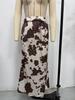 2025 Autumn/Winter Women's Satin Print Long Skirt - Slimming Imitation Silk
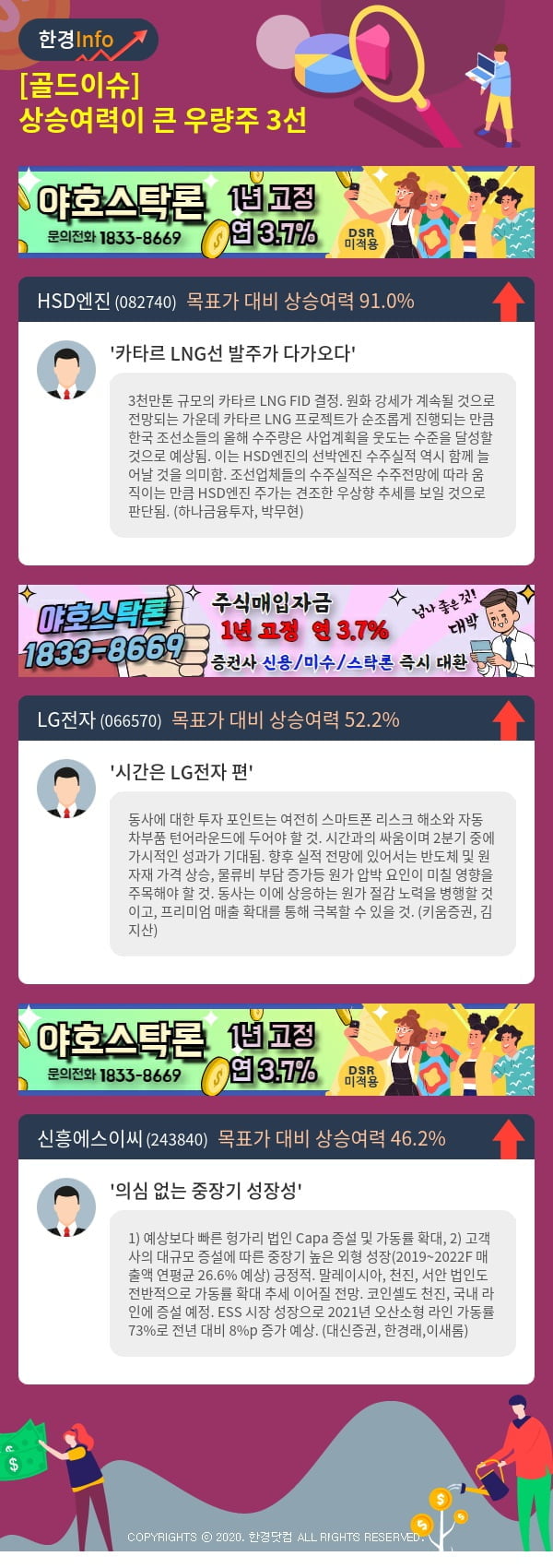 [골드이슈] 상승여력이 큰 우량주 3선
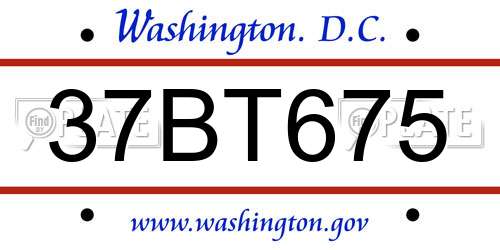 37BT675 District Of Columbia License Plate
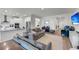 Open living area flows into kitchen featuring hardwood floors, neutral paint and modern furnishings at 3431 Great Egret Dr, Johns Island, SC 29455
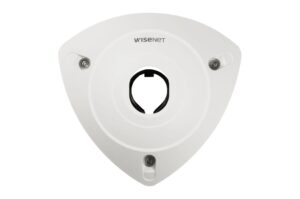 Weißes, dreieckiges Wisenet-Kamera-Montagezubehör mit drei Schraublöchern.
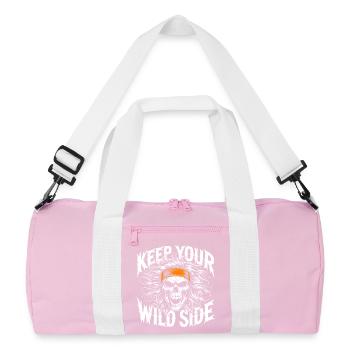 Keep Your Wild Side Skull - Recycelte Duffel Bag - Rosa/Weiß - Vorne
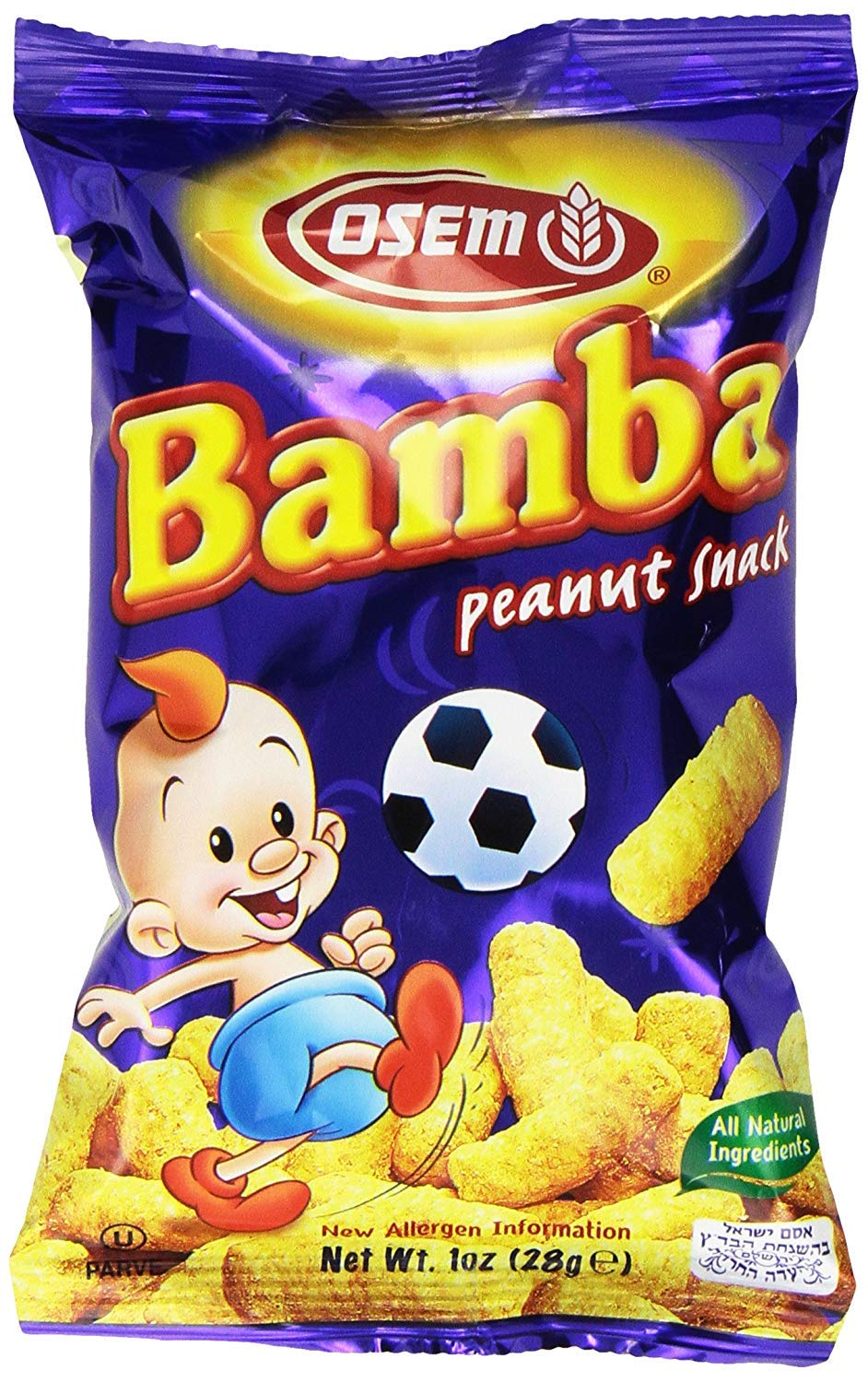 Osem Bamba Peanut Butter Snack, 1 Ounce Bag (Pack of 12)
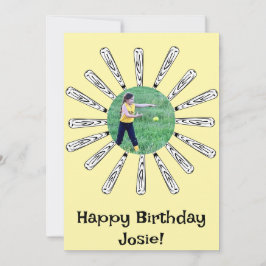 Softball Bat Flower Happy Birthday Invitation Kaart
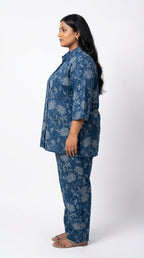 Plus Size Blue Cotton Floral Print Co-ord Set -120057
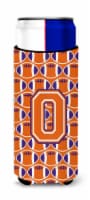Letter O Football Orange, White and Regalia Ultra Hugger for slim cans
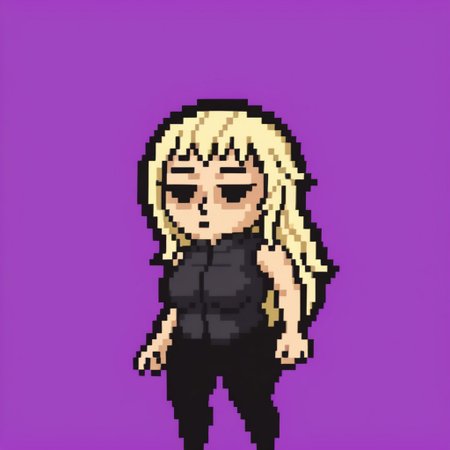 <lora:lisathepointless-v5.4_:1> by lisathepointless, solo, medium size, fullbody,  purple background, simple background, 1girl, breasts, dire, direpony, long hair, blonde hair, black eyes, neutral face, black vest,black pants, standing, neutral pose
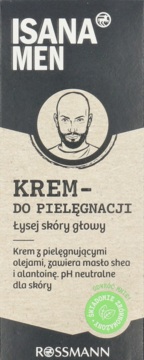 Opakowanie kremu ISANA MEN do łysej skóry głowy, szaro-beżowe, z rysunkiem brodatego mężczyzny i zielonym logo, widok z przodu.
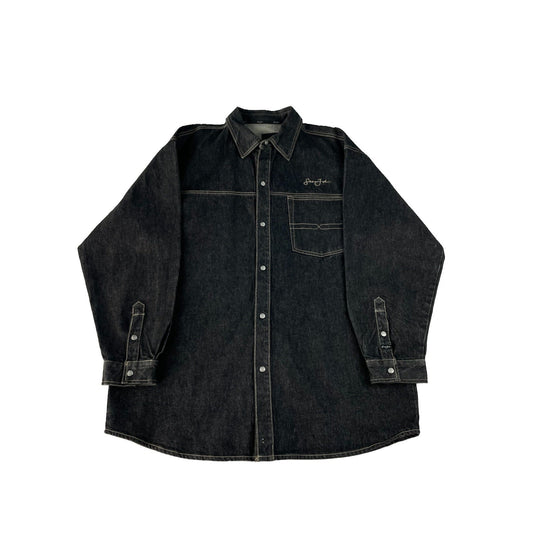 Men Vintage Sean John Black Contrast Stitch Baggy Denim Button Up Shirt SIZE 2XL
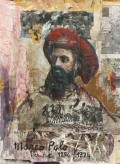 GIOVANNI CERRI. Portrait de Marco Polo. Technique mixte. 85x62 cm. 2024
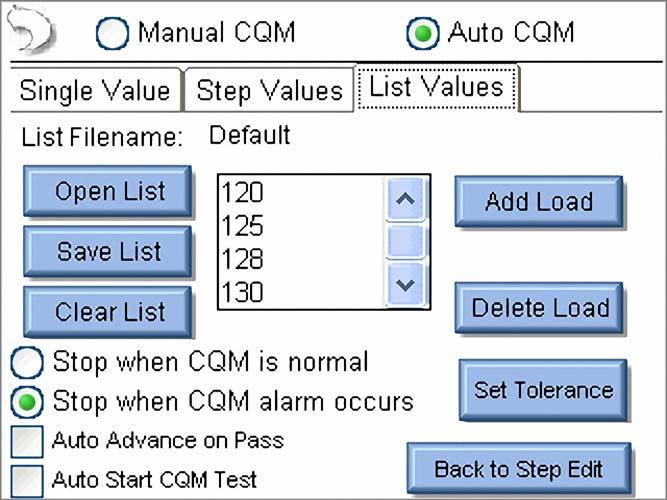 Registerkarte List Values (Werteliste): Hier können Sie eine Liste mit CQM-Widerständen erstellen, die für die Prüfung verwendet werden sollen.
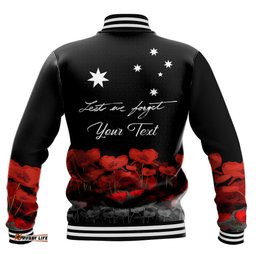 Vibe Hoodie Clothing - Custom Australian Military Forces Anzac Day Lest We Forget Baseball Jacket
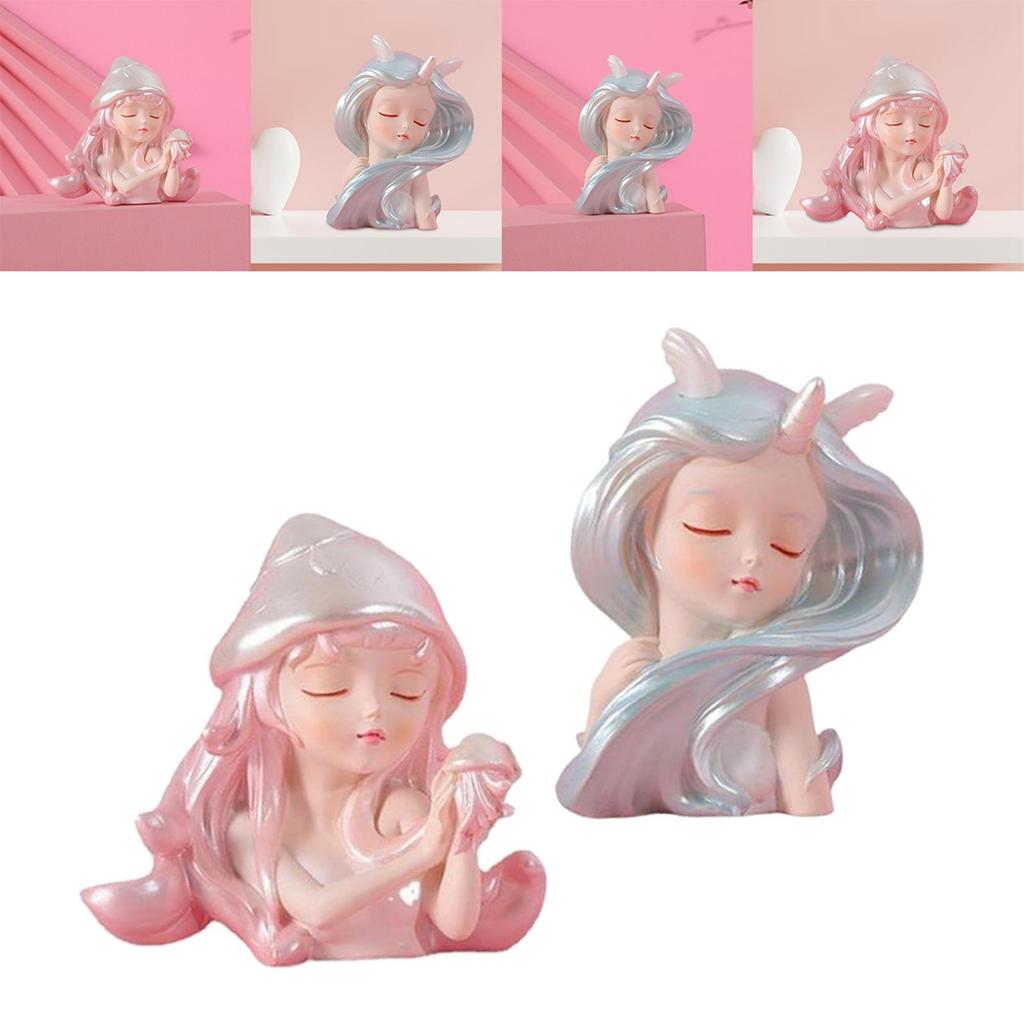 2pcs Cute Sea Girl Figurines Miniature Statue for Decoration Birthday Gift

*TASK DIRECTIONS*. No pictures belong in the copy. Repeat the entries exactly.

*ANSWER SPACE*.
 2025 Autumn/Winter Women's Satin Print Long Skirt - Slimming Imitation Silk
 [골드이슈] 상승여력이 큰 우량주 3선
 37BT675 District Of Columbia License Plate
 Open living area flows into kitchen featuring hardwood floors, neutral paint and modern furnishings at 3431 Great Egret Dr, Johns Island, SC 29455
 Weißes, dreieckiges Wisenet-Kamera-Montagezubehör mit drei Schraublöchern.
 Keep Your Wild Side Skull - Recycelte Duffel Bag - Rosa/Weiß - Vorne
 Osem Bamba Peanut Butter Snack, 1 Ounce Bag (Pack of 12)
 Softball Bat Flower Happy Birthday Invitation Kaart
 Plus Size Blue Cotton Floral Print Co-ord Set -120057
Letter O Football Orange, White and Regalia Ultra Hugger for slim cans
 <lora:lisathepointless-v5.4_:1> by lisathepointless, solo, medium size, fullbody,  purple background, simple background, 1girl, breasts, dire, direpony, long hair, blonde hair, black eyes, neutral face, black vest,black pants, standing, neutral pose
 Opakowanie kremu ISANA MEN do łysej skóry głowy, szaro-beżowe, z rysunkiem brodatego mężczyzny i zielonym logo, widok z przodu.
 Men Vintage Sean John Black Contrast Stitch Baggy Denim Button Up Shirt SIZE 2XL
 GIOVANNI CERRI. Portrait de Marco Polo. Technique mixte. 85x62 cm. 2024
 Registerkarte List Values (Werteliste): Hier können Sie eine Liste mit CQM-Widerständen erstellen, die für die Prüfung verwendet werden sollen.
 Vibe Hoodie Clothing - Custom Australian Military Forces Anzac Day Lest We Forget Baseball Jacket
 2pcs Cute Sea Girl Figurines Miniature Statue for Decoration Birthday Gift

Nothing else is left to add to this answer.